INFORMATION PROVIDED:
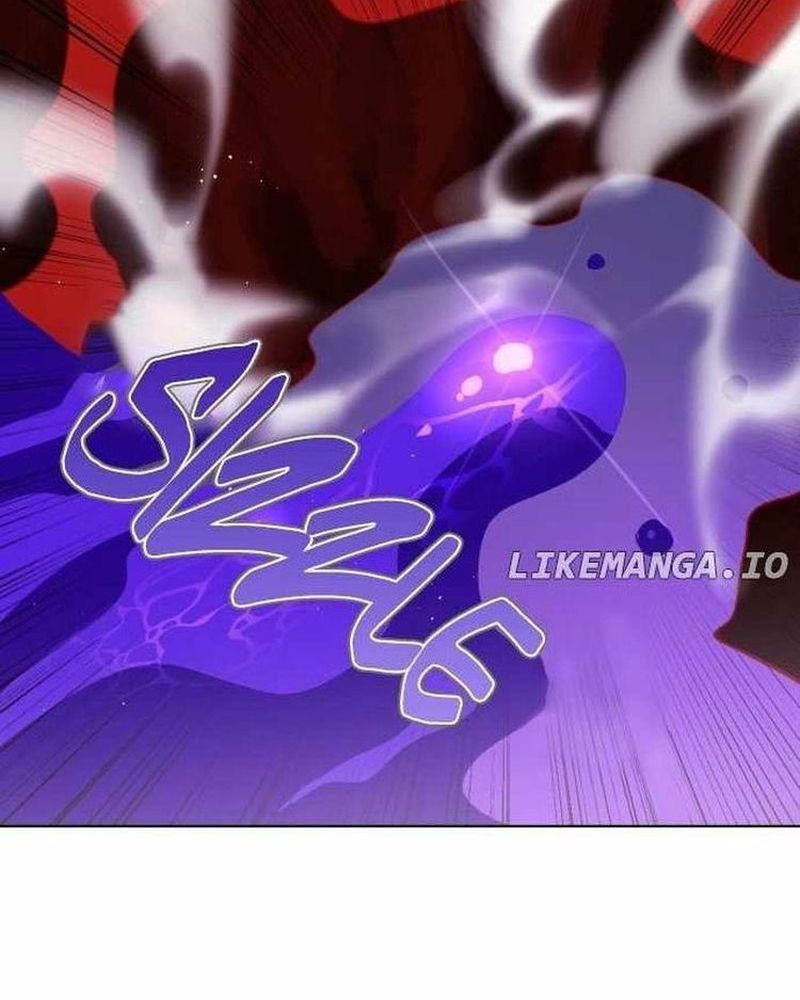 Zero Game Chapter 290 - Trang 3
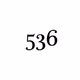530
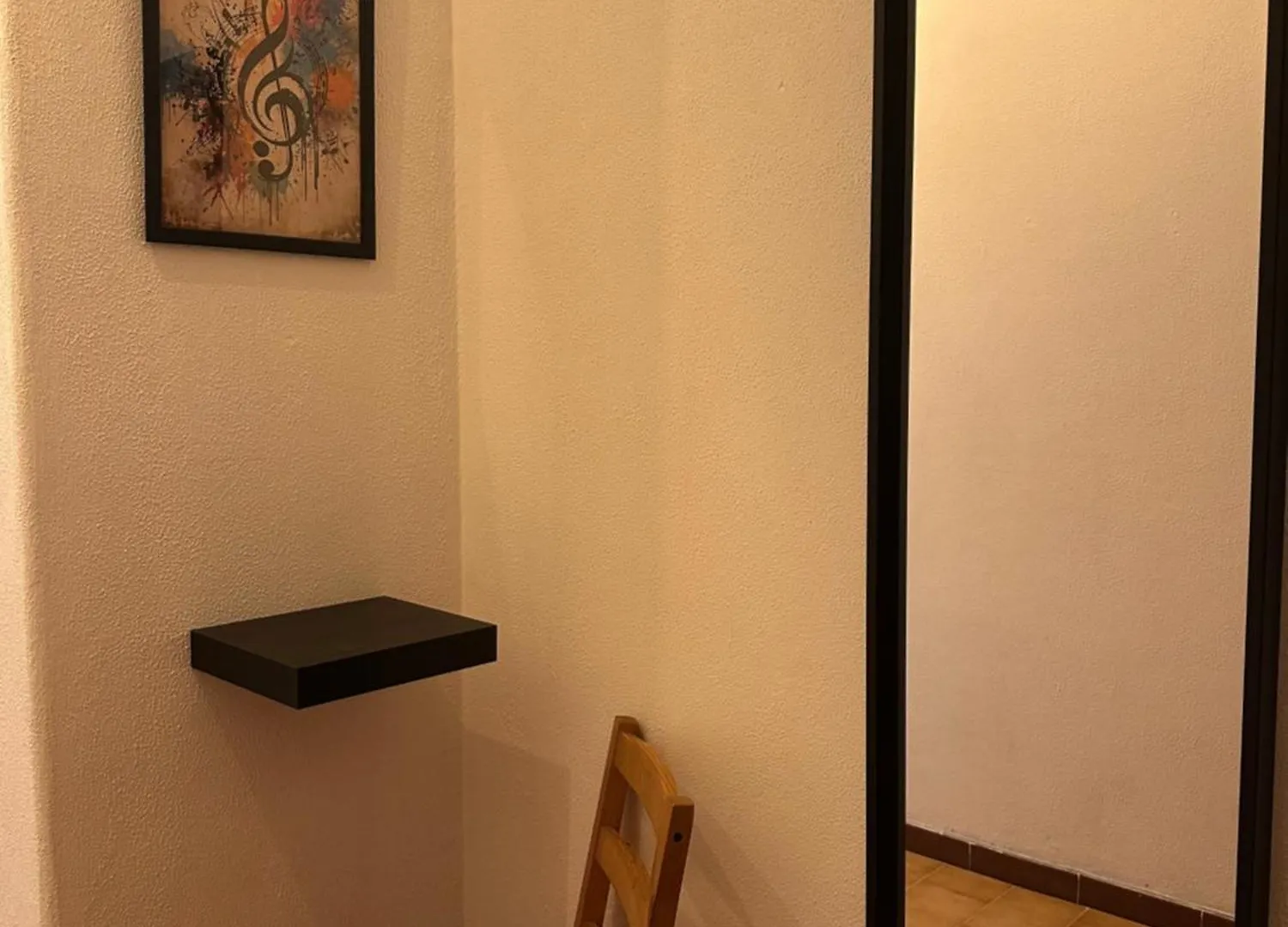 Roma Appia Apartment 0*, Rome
--
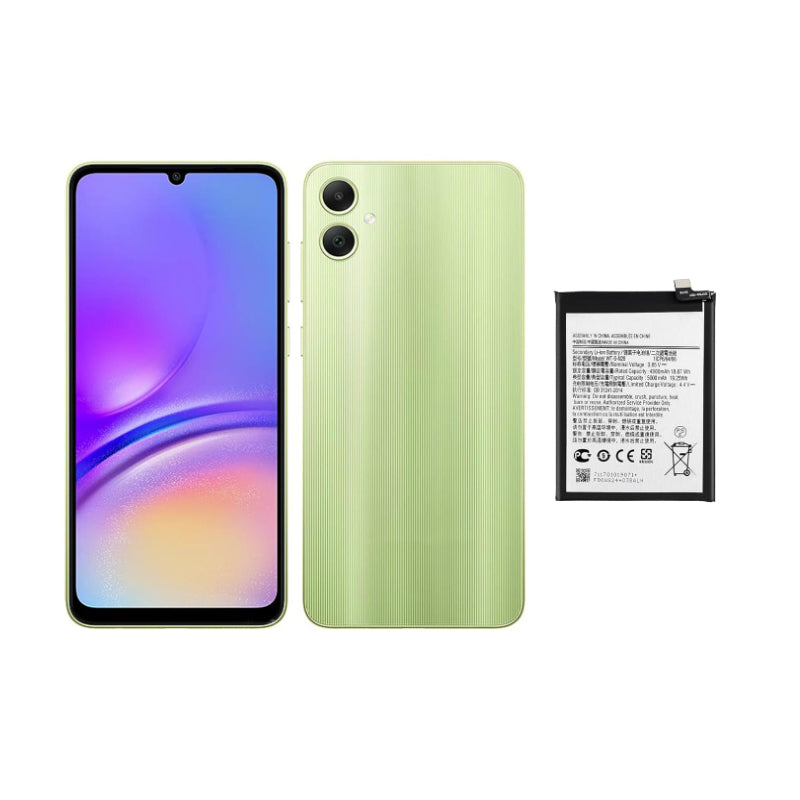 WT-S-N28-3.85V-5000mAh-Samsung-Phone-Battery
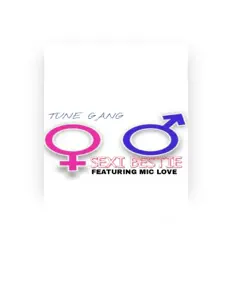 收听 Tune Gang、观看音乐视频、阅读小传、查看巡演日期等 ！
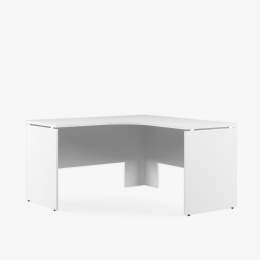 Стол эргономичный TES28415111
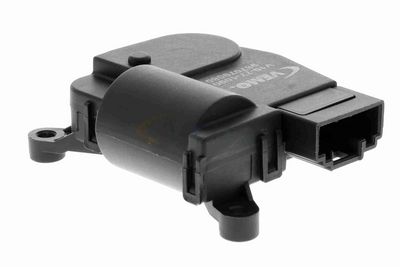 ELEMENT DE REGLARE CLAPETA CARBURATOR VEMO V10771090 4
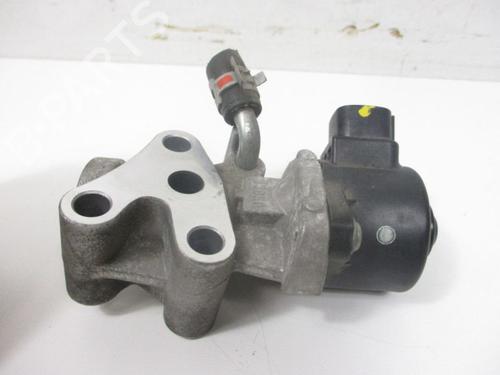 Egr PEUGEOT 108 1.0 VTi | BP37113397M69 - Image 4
==
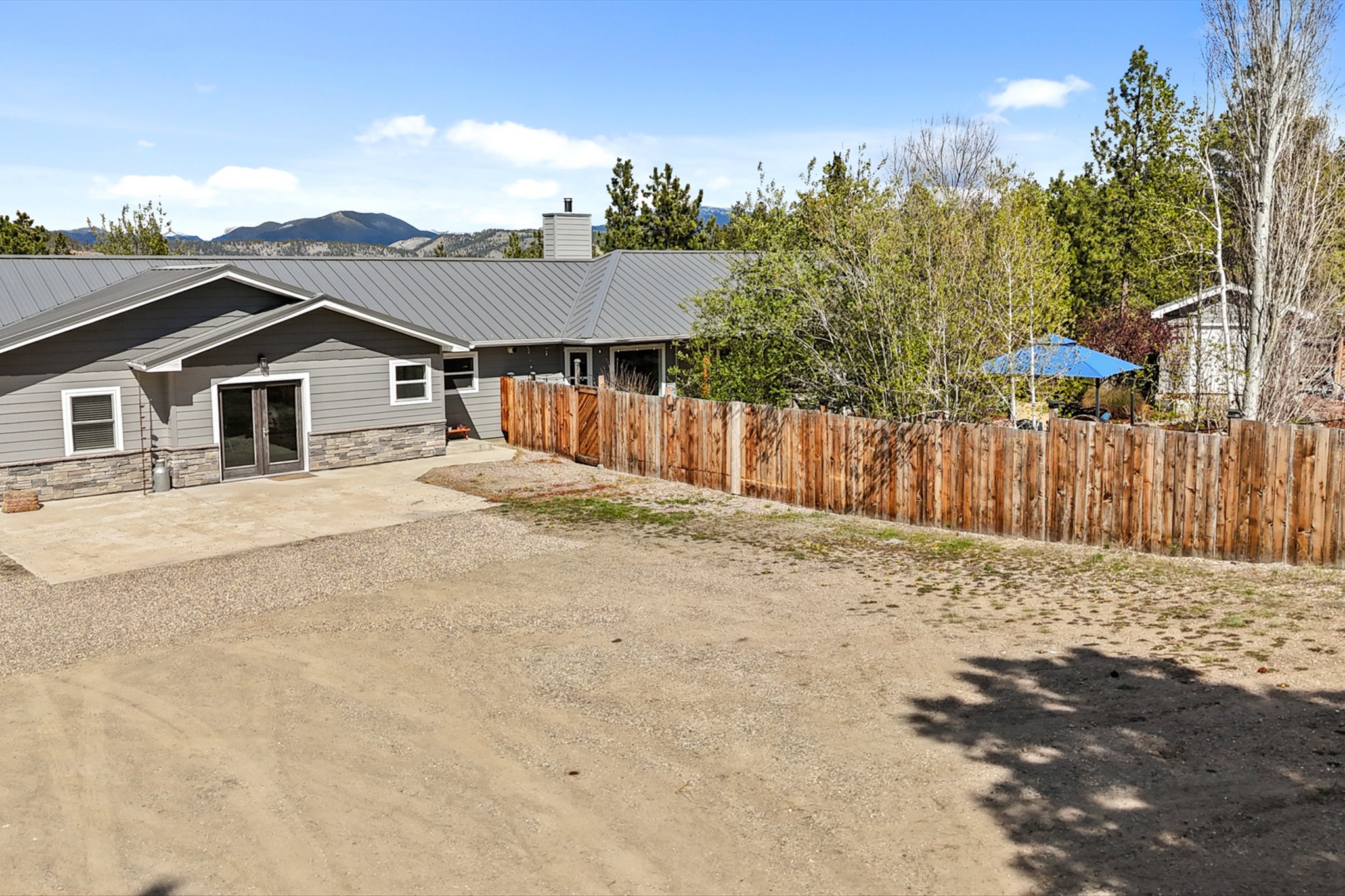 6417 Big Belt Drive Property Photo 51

PROBLEM REQUIREMENTS:
Taking the entries above, extract every line from the one bearing "Стол эргономичный TES28415111" through the one bearing "Egr PEUGEOT 108", exactly, with no pictures.

THE COMPLETED TASK:
 Стол эргономичный TES28415111
 ELEMENT DE REGLARE CLAPETA CARBURATOR VEMO V10771090 4
 Egr PEUGEOT 108 1.0 VTi | BP37113397M69 - Image 4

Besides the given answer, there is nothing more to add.